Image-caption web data

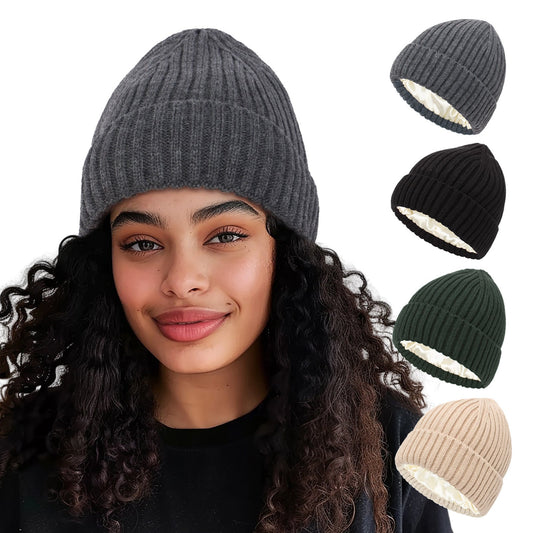 Soft Wool Beanie with Satin Lining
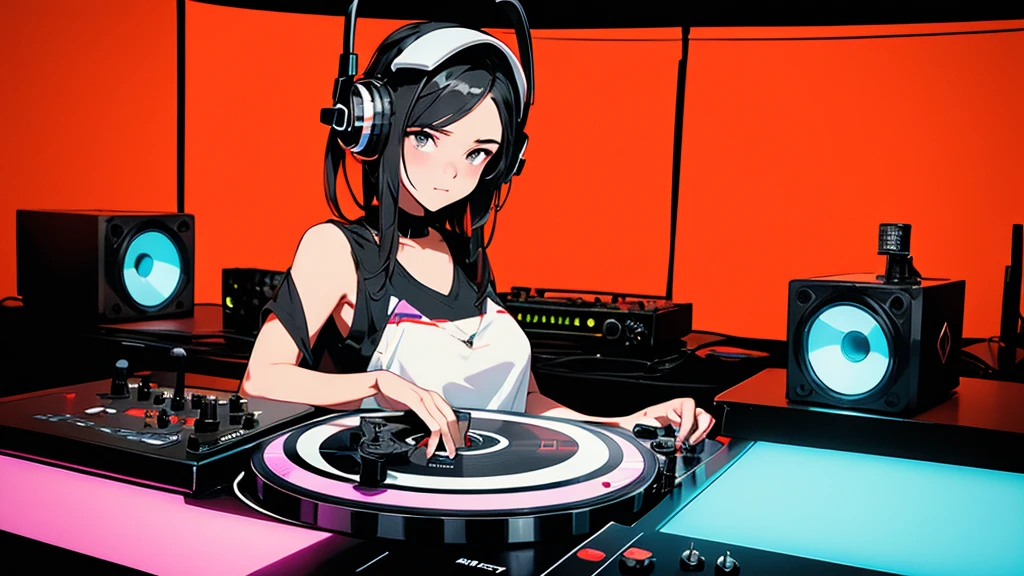 Battle DJ girl in HIPHOP fashion wearing DJ headphones,Front view , Turntablist, DJ Scratch, Two large LED-illuminated speakers on each side, In front of her is a music mixer and a turntable.、A record is placed on the turntable,ターンテーブルはTechnics SL-1200MK7, JQBert,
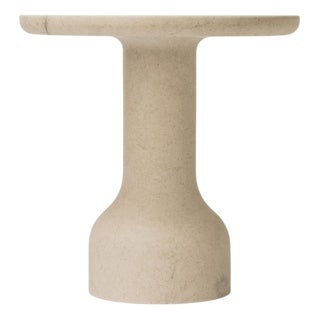 Peso Minimalist Round Side Table in Limestone by Depping & Jørgensen For Sale
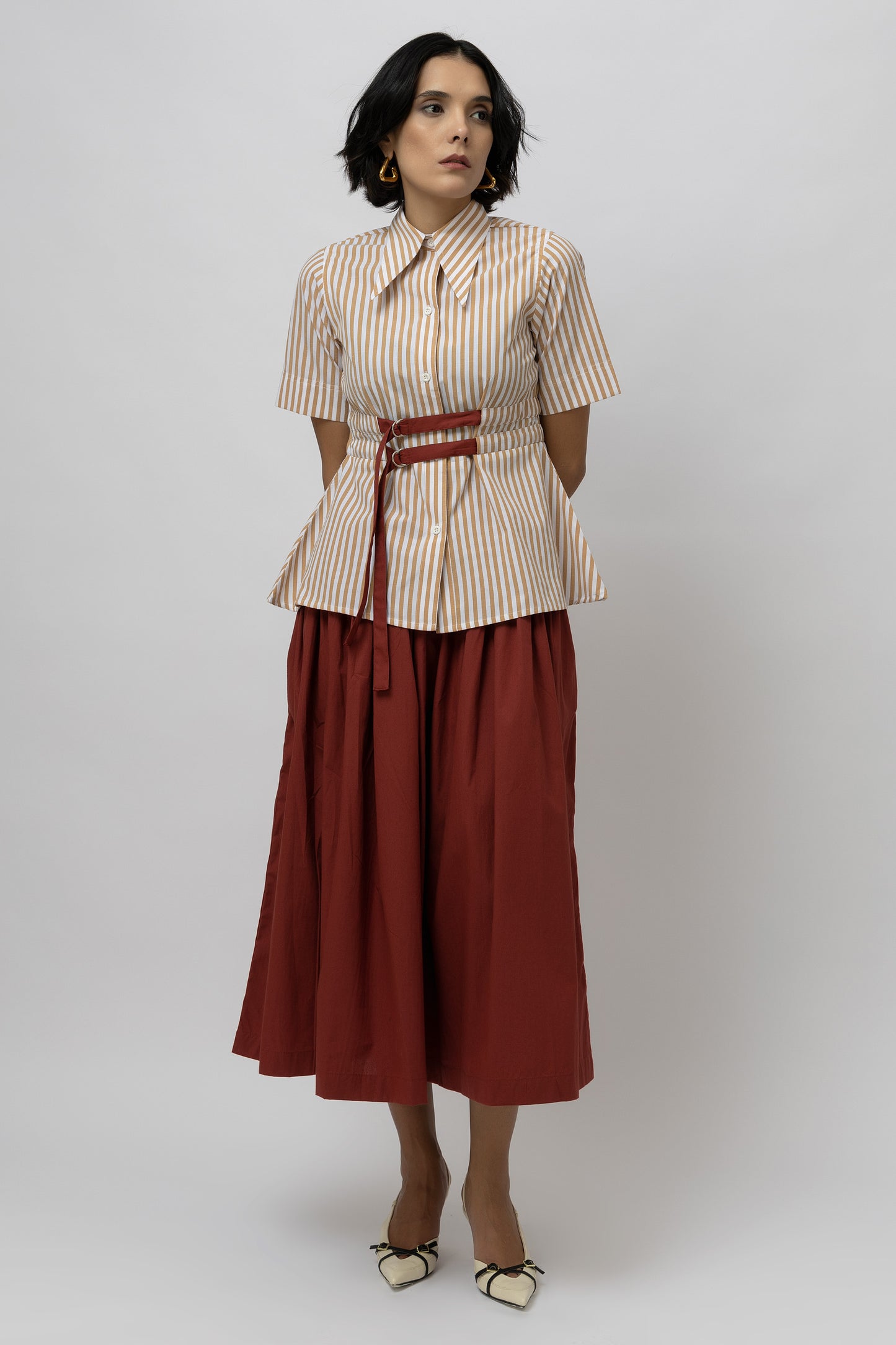 Twin belt Shirt Stripe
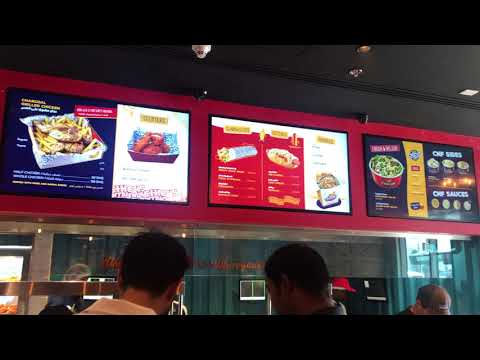 chicknfriends digital menuboard in Dubai JBR the walk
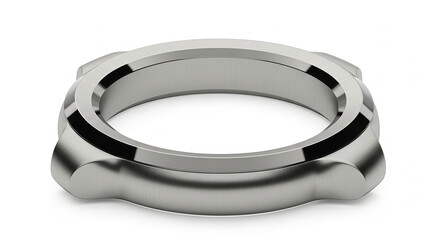 Modern Silver Metal Ring with Black Accents Sleek Circular Design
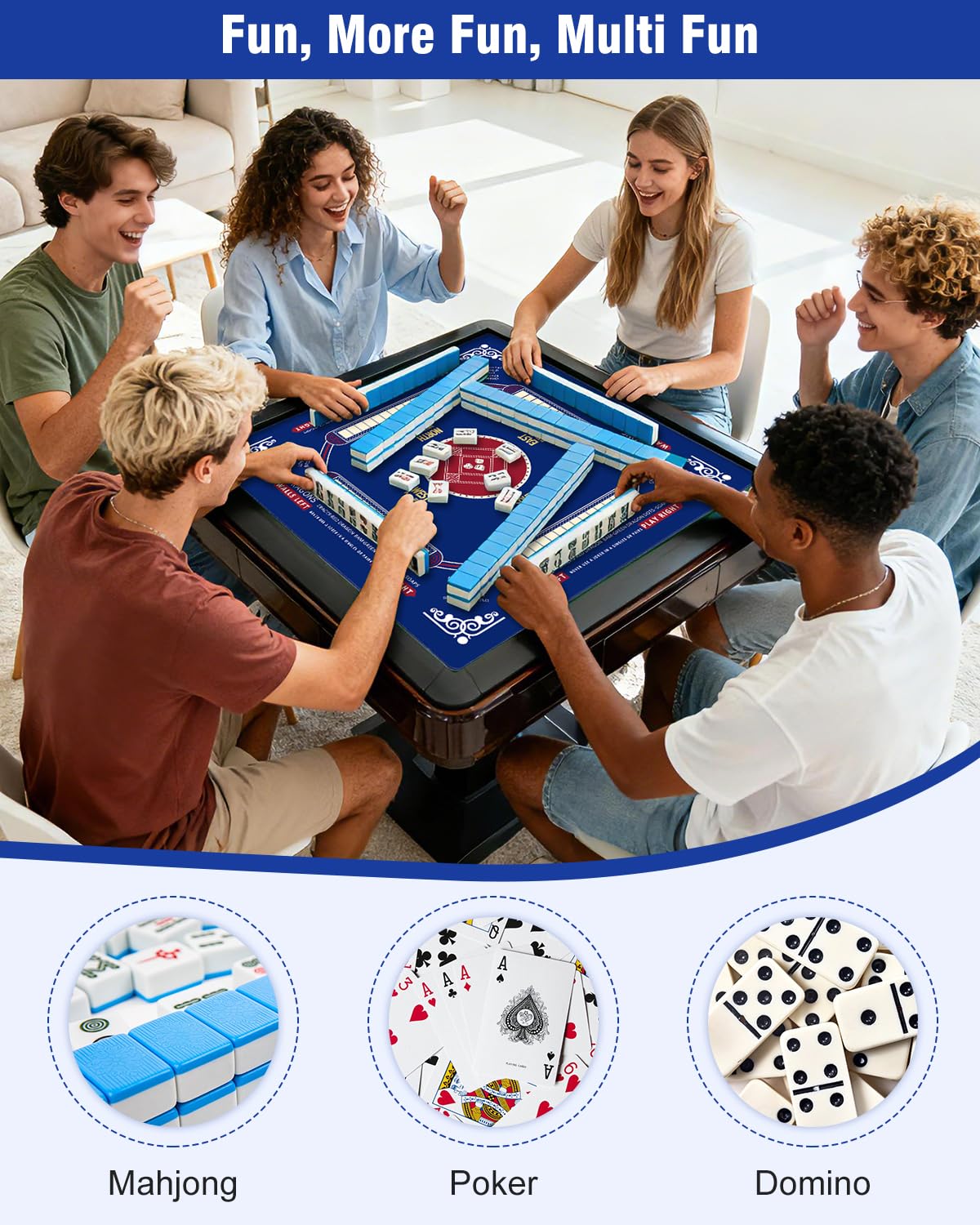 HoRiMe Mahjong Mat reinforced stitched edges prevent curling and wear.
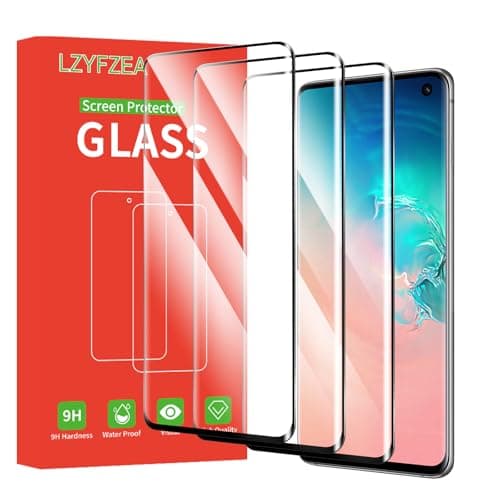 Image of LZYFZEA 3-Pack Screen Protector for Samsung Galaxy S10, 3D Curved Edge, High Transparent 9H Hardness, Anti-Scratch, Bubble-Free Installation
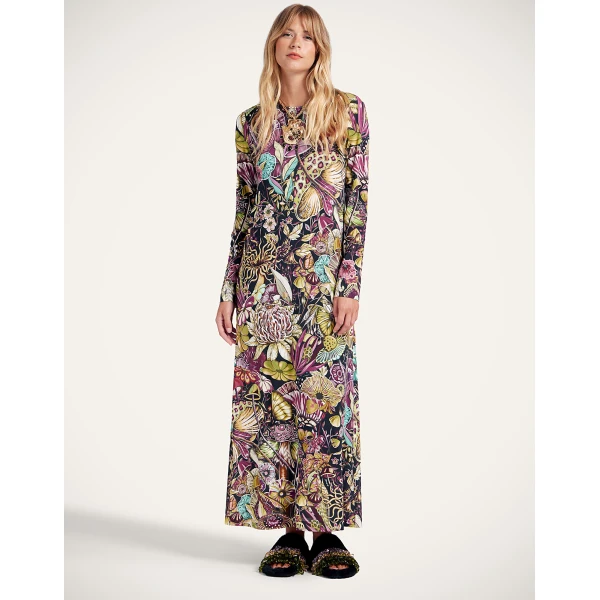 La DoubleJ Long Sleeve Swing Dress in Fun-Gi Green | Maxi Dresses | Coveti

_Exercise_
Exactly as written, give every entry again, but not the pictures.

_Reply_
 Soft Wool Beanie with Satin Lining
 Battle DJ girl in HIPHOP fashion wearing DJ headphones,Front view , Turntablist, DJ Scratch, Two large LED-illuminated speakers on each side, In front of her is a music mixer and a turntable.、A record is placed on the turntable,ターンテーブルはTechnics SL-1200MK7, JQBert,
 Peso Minimalist Round Side Table in Limestone by Depping & Jørgensen For Sale
 Twin belt Shirt Stripe
 chicknfriends digital menuboard in Dubai JBR the walk
 Modern Silver Metal Ring with Black Accents Sleek Circular Design
 HoRiMe Mahjong Mat reinforced stitched edges prevent curling and wear.
 Image of LZYFZEA 3-Pack Screen Protector for Samsung Galaxy S10, 3D Curved Edge, High Transparent 9H Hardness, Anti-Scratch, Bubble-Free Installation
 La DoubleJ Long Sleeve Swing Dress in Fun-Gi Green | Maxi Dresses | Coveti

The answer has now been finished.